Thermal power station
- Primary fuel: Coal seam gas
- Turbine technology: Steam turbine and gas turbine

Power generation
- Nameplate capacity: 140 MW

= Condamine Power Station =

Power station in Queensland, Australia

Condamine Power Station is a 140 MW combined cycle power station near Miles on the western Darling Downs in Queensland, Australia. The station is located 8 km east of Miles on the south side of the Warrego Highway, while the gas reserves are extracted from the Berwyndale South Gasfield.

The Condamine Power Station is owned by Shell Energy Operations Pty Ltd, a subsidiary of Royal Dutch Shell. Commissioned in June 2009, it has been claimed to be the world's first combined-cycle power station entirely fired by untreated coal seam gas direct from the gasfield and Australia's first steam turbine condenser cooled by coal seam methane wastewater. However, the Townsville Power Station at Yabulu was commissioned earlier, in February 2005, after being converted from a peak load to a combined cycle configuration, but was designed to consume only treated coal seam gas.

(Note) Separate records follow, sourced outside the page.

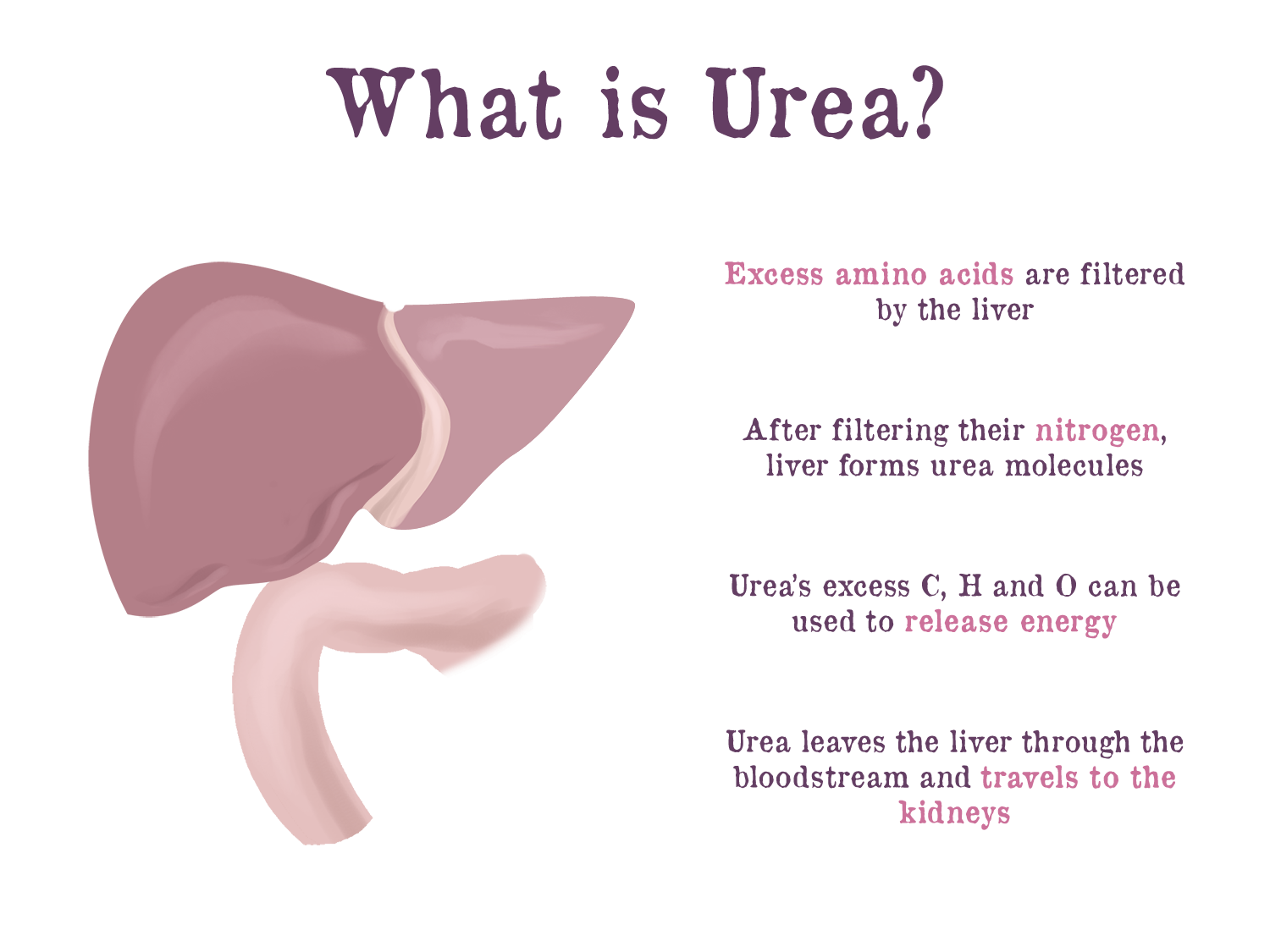 Does Kidney Make Urea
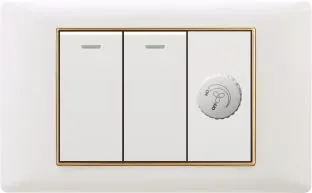 PC 2 Gang 1 Way Electrical Walll Switch with Fan Speed Controller
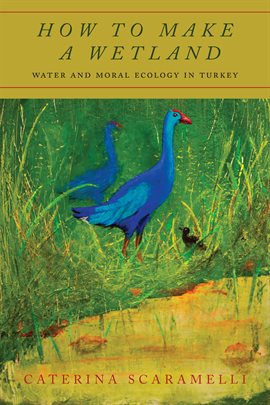 Imagen de portada para How to Make a Wetland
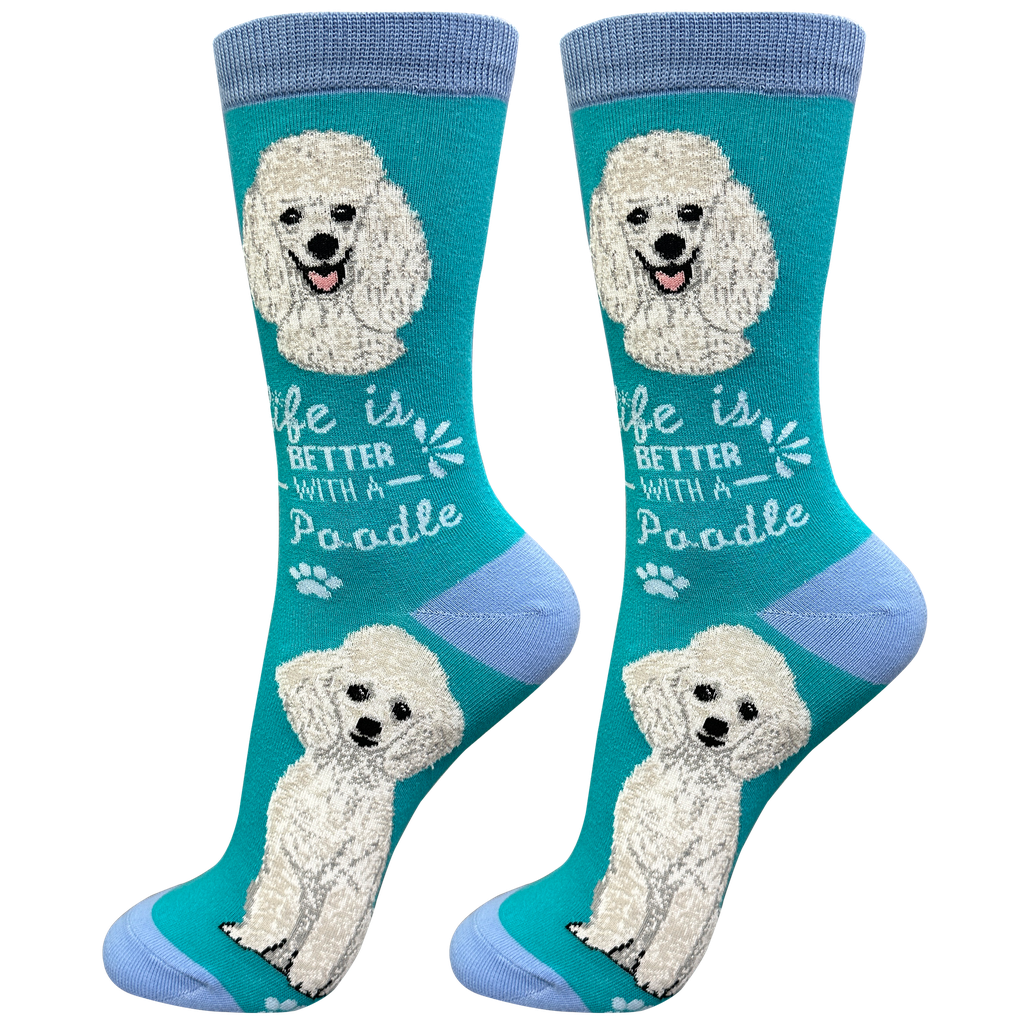 Poodle, white socks, life is better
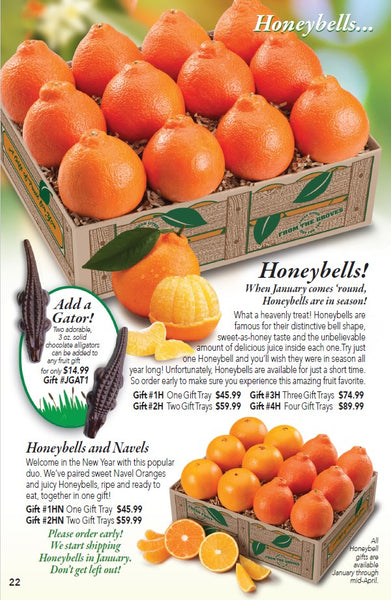 Florida Honeybells and Navels (Shipping begins in January)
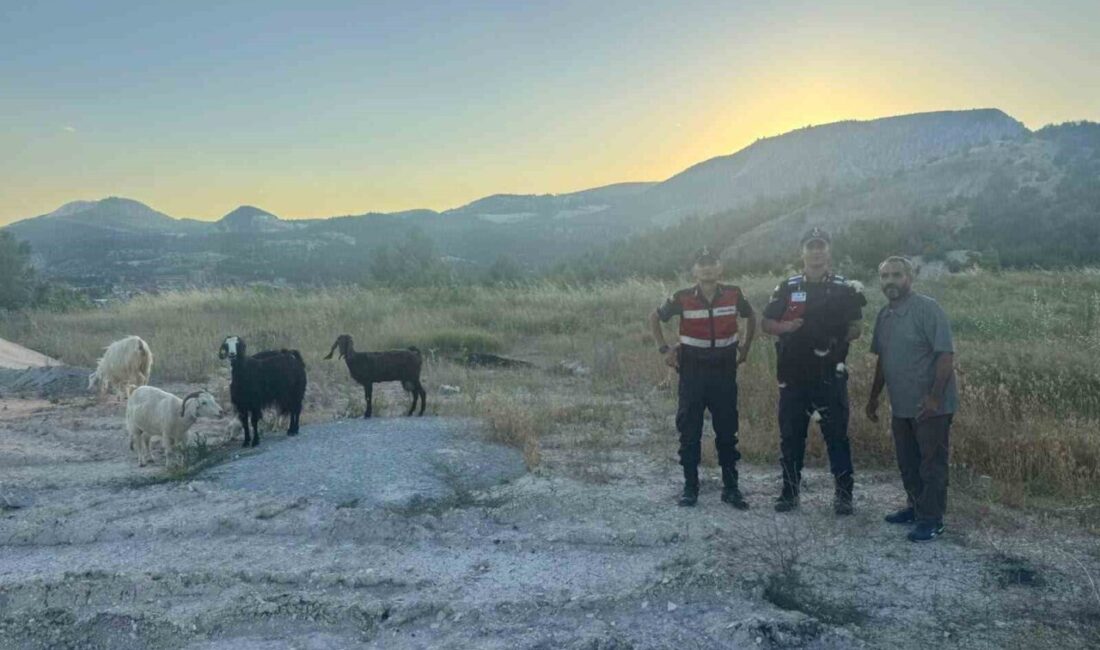 Bilecik ilinde kaybolan 9 küçükbaş hayvan, jandarma ekipleri tarafından bulunarak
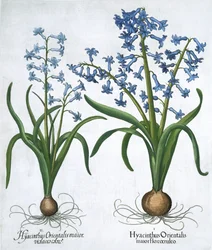 Dos jacintos azules, 1613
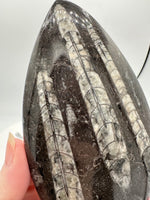 Natural Orthoceras Fossil Specimen #4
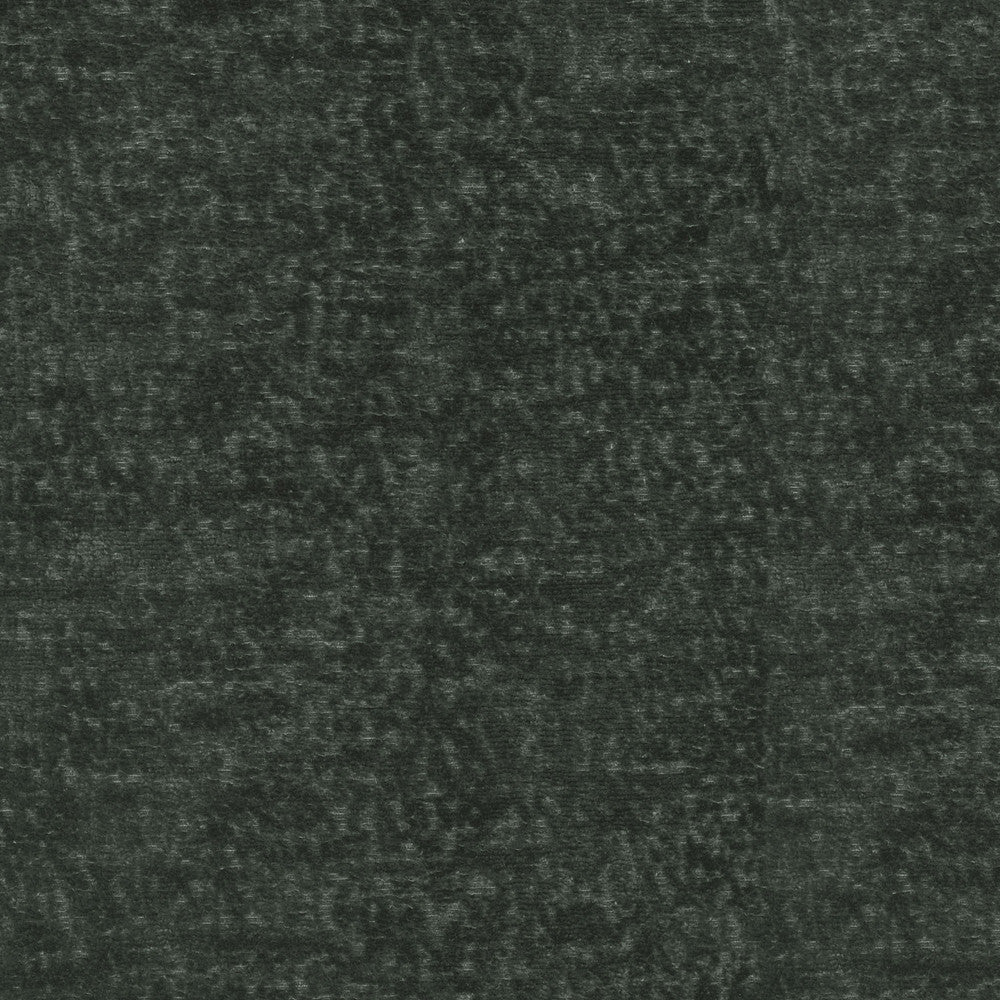 Teddy Char 409462 by Performance Fabric - Face:100%Polyester Back:100%Acrylic CHINA 51000 Horizontal: 0 and Vertical: 0 55 - Fabric Carolina -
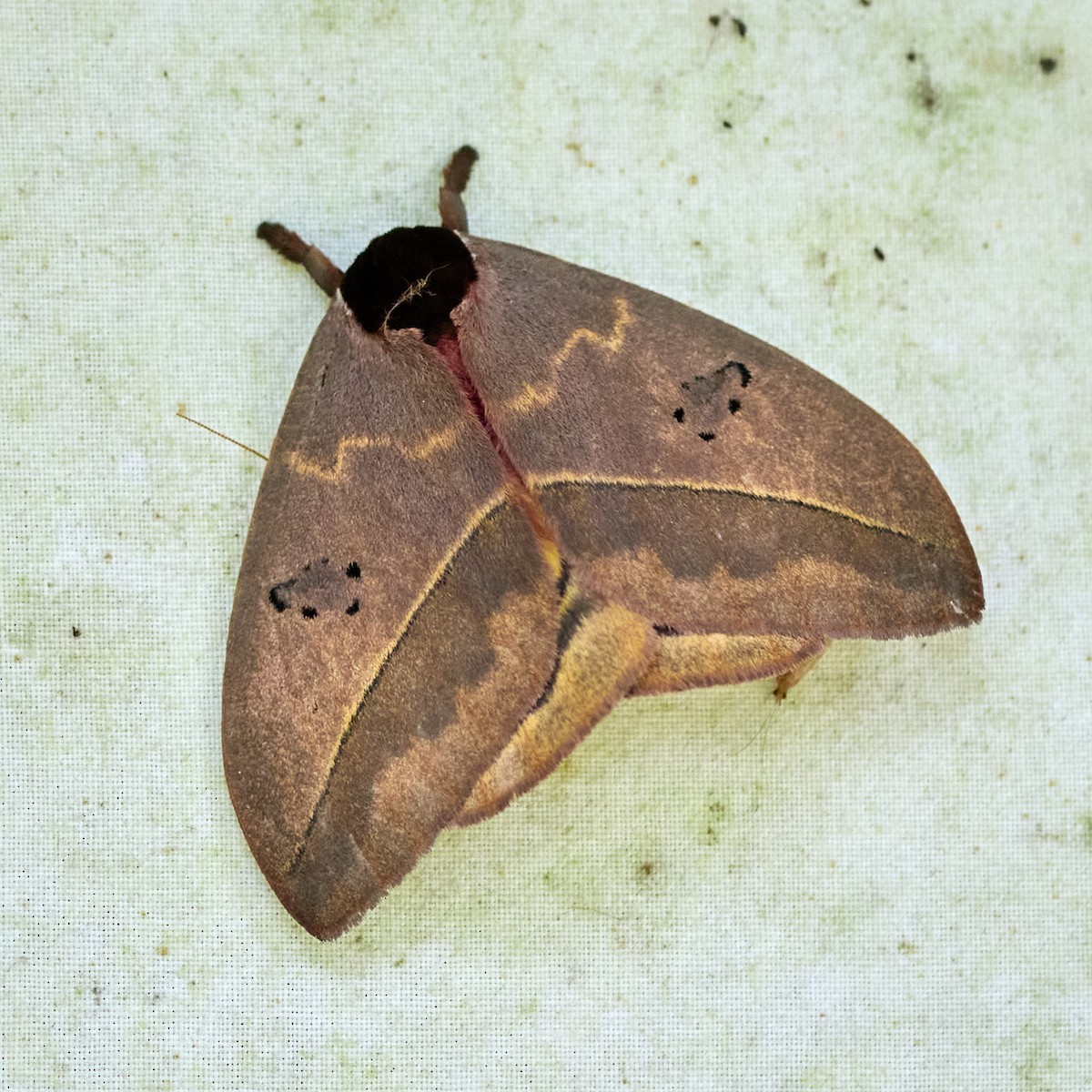 Insects - ML657993238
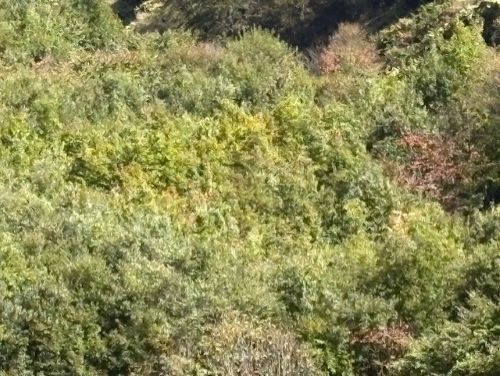 Photo_2 Photo_2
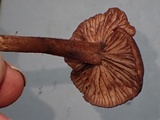 Inocephalus cystomarginatus image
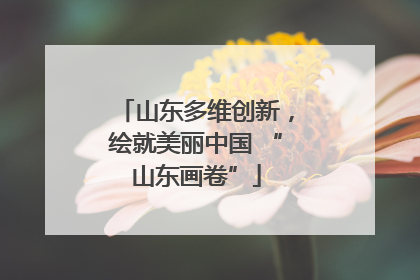 山东多维创新，绘就美丽中国 “山东画卷”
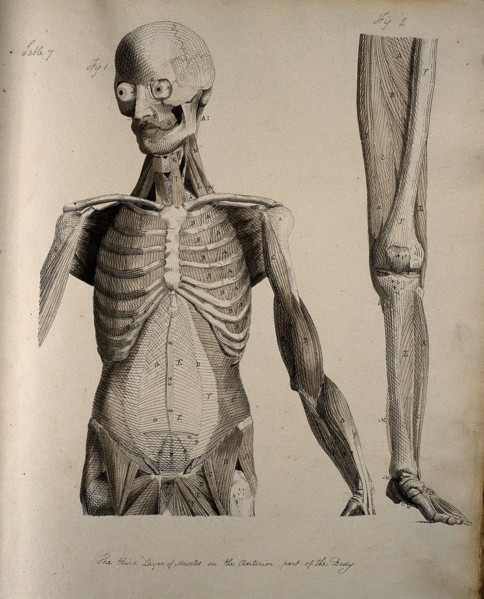 Left, muscles of the head and trunk (front view); right, muscles of the..., between 1800 and 1899. Creator: Unknown.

Construction on the Condamine Power Station began on 19 October 2007. It was completed in mid-2010. The EPC contractor was Austrian Energy and Environment, with the gas turbines supplied by Siemens. Parsons Brinckerhoff were the owner's engineer for construction. The gas turbine with dispatchable unit ID (DUID) "CPSA" began bidding into the National Electricity Market on 1 June 2009, with the first generation made available to the market on 10 July 2009. The Columboola Switching Station, which connects Condamine Power Station with the Chinchilla-to-Roma 132-kilovolt
transmission line, was completed in October 2008.

AGL Energy had an option to acquire the Condamine Power Station. This option was not exercised and expired on 14 April 2009.

The power station has an installed capacity of 140 MW. Electricity is generated by two gas turbines and one steam turbine from coal seam gas. The two gas turbines are Siemens SGT-800 models and the steam turbine is a Siemens SST-400. According to the NEMMCO Applicants list, the registered capacity of the gas turbine is 87.4 MW (2 x 43.7 MW) and the registered capacity of the steam turbine is 57.1 MW.